#2260 closed help (fixed)

Run exceeding time on ARCHER

Reported by: vanniere Owned by: ros
Component: UM Model Keywords:
Cc: Platform: ARCHER
UM Version: 10.3

Description

u-ap799 is copy of a ncas-training simulation (u-ag137) where a few stash were changed together with the number of nodes.
It was supposed to be a 16-month runs. It stops after doing around 6 months by exceeding the 1-hour time limit, whereas all the previous cycles were done in 20min.
It does not write any output during this last cycle. I tried to restart a couple of time but it didn’t change anything.

On archer:
/home/n02/n02/vanniere/work/cylc-run/u-ap799

u-ap936 is a copy of u-ap799 that was recompiled.
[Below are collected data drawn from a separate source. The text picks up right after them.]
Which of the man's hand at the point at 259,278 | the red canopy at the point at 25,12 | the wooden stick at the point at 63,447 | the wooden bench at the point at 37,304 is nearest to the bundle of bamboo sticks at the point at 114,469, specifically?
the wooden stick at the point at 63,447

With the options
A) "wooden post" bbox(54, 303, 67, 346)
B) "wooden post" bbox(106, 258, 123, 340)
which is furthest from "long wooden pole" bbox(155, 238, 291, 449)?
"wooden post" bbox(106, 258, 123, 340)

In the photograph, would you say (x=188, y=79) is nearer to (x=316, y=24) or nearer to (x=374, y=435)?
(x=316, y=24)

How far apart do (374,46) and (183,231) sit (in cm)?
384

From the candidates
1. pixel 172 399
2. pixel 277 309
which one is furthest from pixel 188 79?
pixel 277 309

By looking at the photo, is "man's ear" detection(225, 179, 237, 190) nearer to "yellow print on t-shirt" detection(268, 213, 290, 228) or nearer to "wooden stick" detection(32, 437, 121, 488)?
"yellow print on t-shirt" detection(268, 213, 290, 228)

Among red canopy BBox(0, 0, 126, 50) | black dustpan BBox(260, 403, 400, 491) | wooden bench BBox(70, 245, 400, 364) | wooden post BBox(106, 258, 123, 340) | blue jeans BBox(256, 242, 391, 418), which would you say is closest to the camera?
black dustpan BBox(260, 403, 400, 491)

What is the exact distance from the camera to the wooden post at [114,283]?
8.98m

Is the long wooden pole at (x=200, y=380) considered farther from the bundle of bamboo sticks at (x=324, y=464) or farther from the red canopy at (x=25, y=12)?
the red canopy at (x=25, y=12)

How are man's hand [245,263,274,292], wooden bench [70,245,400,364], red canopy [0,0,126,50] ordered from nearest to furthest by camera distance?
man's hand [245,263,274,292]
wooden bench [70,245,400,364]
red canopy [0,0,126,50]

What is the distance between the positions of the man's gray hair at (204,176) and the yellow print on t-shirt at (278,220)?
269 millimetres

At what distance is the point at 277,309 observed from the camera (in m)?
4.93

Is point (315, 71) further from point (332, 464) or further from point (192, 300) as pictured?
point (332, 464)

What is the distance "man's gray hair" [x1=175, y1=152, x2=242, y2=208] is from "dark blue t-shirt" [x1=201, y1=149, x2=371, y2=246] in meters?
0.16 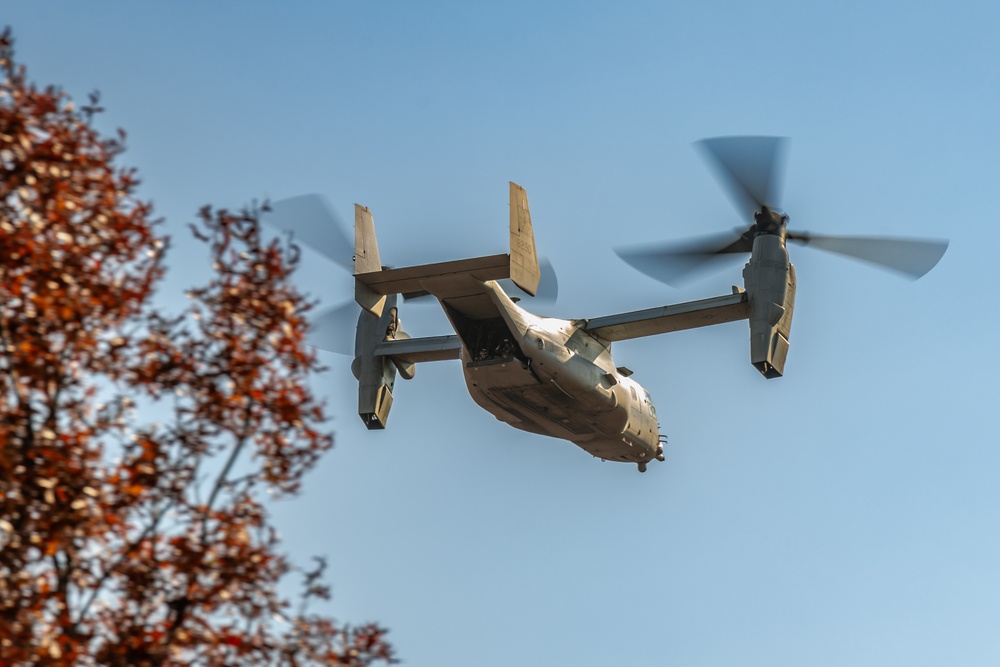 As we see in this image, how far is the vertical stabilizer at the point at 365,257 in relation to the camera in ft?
82.2

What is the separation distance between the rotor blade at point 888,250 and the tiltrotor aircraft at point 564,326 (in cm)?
2

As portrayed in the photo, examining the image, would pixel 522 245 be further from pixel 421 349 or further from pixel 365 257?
pixel 421 349

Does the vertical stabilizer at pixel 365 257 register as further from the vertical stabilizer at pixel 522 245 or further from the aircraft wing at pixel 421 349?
the aircraft wing at pixel 421 349

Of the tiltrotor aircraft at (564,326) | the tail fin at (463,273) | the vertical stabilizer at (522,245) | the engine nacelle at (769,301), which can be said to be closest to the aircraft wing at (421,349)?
the tiltrotor aircraft at (564,326)

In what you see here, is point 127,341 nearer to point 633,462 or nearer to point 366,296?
point 366,296

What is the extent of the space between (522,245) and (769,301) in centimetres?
810

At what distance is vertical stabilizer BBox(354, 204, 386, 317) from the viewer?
25047mm

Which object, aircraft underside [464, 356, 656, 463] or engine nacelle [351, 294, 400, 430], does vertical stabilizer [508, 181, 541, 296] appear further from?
engine nacelle [351, 294, 400, 430]

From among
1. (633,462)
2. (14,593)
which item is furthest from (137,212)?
(633,462)

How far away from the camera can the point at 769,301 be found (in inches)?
1185

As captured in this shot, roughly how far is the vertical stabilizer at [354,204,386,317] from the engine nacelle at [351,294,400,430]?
668 centimetres

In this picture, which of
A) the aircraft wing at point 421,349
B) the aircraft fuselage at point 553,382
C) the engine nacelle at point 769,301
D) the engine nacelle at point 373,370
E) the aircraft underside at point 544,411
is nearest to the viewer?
the aircraft fuselage at point 553,382

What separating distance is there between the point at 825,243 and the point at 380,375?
484 inches

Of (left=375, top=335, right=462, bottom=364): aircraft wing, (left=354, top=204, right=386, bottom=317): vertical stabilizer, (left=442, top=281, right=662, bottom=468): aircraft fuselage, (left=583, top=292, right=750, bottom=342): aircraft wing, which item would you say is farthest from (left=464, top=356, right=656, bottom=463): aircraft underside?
(left=375, top=335, right=462, bottom=364): aircraft wing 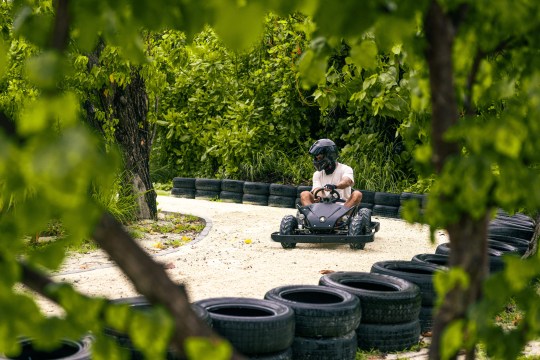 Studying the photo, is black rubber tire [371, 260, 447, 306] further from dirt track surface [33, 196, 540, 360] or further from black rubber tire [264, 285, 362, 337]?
black rubber tire [264, 285, 362, 337]

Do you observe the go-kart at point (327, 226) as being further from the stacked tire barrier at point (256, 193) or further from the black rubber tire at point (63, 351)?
the black rubber tire at point (63, 351)

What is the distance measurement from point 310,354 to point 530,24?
3.08 meters

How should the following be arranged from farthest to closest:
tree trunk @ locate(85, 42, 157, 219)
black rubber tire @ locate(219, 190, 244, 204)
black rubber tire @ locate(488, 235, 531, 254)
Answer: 1. black rubber tire @ locate(219, 190, 244, 204)
2. tree trunk @ locate(85, 42, 157, 219)
3. black rubber tire @ locate(488, 235, 531, 254)

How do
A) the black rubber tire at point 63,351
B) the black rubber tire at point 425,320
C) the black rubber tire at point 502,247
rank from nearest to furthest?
the black rubber tire at point 63,351
the black rubber tire at point 425,320
the black rubber tire at point 502,247

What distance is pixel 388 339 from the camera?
470cm

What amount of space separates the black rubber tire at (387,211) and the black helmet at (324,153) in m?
3.66

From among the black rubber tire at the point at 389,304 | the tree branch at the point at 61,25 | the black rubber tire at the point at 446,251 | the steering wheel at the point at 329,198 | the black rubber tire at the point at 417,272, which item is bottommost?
the black rubber tire at the point at 389,304

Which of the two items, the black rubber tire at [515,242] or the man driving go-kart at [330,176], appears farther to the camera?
the man driving go-kart at [330,176]

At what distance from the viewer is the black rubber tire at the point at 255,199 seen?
14.2m

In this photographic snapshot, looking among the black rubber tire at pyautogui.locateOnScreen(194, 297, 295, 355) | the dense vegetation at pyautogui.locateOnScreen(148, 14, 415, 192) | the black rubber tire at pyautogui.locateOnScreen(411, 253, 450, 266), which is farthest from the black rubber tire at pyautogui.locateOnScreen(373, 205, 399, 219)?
the black rubber tire at pyautogui.locateOnScreen(194, 297, 295, 355)

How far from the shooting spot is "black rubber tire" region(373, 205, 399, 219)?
41.1 ft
Now the same problem as reported above occurs from the very first cycle.

On archer:
/home/n02/n02/vanniere/work/cylc-run/u-ap936

Let me know if you need any additional information.
Thank you for your help.

Best wishes,
Benoit

Change History (3)

comment:1 Changed 22 months ago by ros

  • Owner changed from um_support to ros
  • Status changed from new to accepted

Hi Benoit,

We are investigating this and are aware of another user experiencing slow running jobs on ARCHER. There have been some weird things going on with ARCHER in the last day or so and we are in conversation with them.

At the moment I can only suggest increasing the walltime to allow you to continue with the run in the meantime.

Cheers,
Ros.

comment:2 Changed 22 months ago by vanniere

Hi Ros,

Grenville told me that the Cray team identified “a possible user running jobs which is causing a lot of i/o contention on fs2 (/work for n02)” , resulting in the poor performance on ARCHER.

It seems all sorted now as my job is running ok.

Thank you for your help on that.
Cheers,
Benoit

comment:3 Changed 22 months ago by willie

  • Resolution set to fixed
  • Status changed from accepted to closed
Note: See TracTickets for help on using tickets.